1983: The Black July anti-Tamil riots begin in Sri Lanka, killing between 400 and 3,000. Black July is generally regarded as the beginning of the Sri Lankan Civil War.
1982: Heavy rain causes a mudslide that destroys a bridge at Nagasaki, Japan, killing 299.
1980: The Quietly Confident Quartet of Australia wins the Men's 4 x 100 metre medley relay at the Moscow Olympics, the only time the United States has not won the event at Olympic level.
1974: Watergate scandal: The United States Supreme Court unanimously ruled that President Richard Nixon did not have the authority to withhold subpoenaed White House tapes and they order him to surrender the tapes to the Watergate special prosecutor.
1966: Michael Pelkey makes the first BASE jump from El Capitan along with Brian Schubert. Both came out with broken bones. BASE jumping has now been banned from El Cap.
1943: World War II: Operation Gomorrah begins: British and Canadian aeroplanes bomb Hamburg by night, and American planes by day.

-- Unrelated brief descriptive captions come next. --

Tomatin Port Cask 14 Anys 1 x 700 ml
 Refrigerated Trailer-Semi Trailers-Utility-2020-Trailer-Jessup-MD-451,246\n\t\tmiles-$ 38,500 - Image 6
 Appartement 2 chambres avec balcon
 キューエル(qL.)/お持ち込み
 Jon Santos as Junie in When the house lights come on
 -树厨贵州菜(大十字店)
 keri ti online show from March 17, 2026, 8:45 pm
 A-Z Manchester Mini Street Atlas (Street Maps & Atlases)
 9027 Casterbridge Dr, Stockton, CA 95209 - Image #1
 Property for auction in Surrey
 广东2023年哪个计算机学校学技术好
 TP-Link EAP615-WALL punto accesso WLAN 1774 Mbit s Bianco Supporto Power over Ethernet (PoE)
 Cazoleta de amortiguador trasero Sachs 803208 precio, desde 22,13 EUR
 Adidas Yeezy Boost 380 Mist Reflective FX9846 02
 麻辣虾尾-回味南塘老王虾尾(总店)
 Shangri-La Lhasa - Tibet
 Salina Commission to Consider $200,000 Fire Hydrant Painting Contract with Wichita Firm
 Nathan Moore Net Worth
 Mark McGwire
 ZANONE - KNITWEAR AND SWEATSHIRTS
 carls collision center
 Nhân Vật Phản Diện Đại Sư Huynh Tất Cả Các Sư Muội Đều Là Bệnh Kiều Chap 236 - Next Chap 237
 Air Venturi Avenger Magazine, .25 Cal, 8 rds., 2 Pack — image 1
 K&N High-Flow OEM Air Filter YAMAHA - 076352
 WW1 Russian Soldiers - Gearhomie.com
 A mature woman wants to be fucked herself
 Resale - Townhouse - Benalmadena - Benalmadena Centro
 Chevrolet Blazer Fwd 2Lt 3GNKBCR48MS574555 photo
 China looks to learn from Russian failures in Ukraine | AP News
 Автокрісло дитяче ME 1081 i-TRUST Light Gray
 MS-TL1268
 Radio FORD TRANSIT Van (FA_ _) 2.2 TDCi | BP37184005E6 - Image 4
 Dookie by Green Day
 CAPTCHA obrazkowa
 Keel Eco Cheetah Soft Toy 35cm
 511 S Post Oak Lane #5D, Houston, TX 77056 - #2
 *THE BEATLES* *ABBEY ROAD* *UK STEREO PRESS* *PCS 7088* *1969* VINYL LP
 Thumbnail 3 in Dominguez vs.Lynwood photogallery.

By the end of the operation in November, 9,000 tons of explosives will have killed more than 30,000 people and destroyed 280,000 buildings.
1935: The Dust Bowl heat wave reaches its peak, sending temperatures to 109 °F (43 °C) in Chicago and 104 °F (40 °C) in Milwaukee.
1929: The Kellogg-Briand Pact, renouncing war as an instrument of foreign policy, goes into effect (it is first signed in Paris on August 27, 1928 by most leading world powers).
1922: The draft of the British Mandate of Palestine was formally confirmed by the Council of the League of Nations; it came into effect on 26 September 1923.
1915: The passenger ship S.S. Eastland capsizes while tied to a dock in the Chicago River. A total of 844 passengers and crew are killed in the largest loss of life disaster from a single shipwreck on the Great Lakes.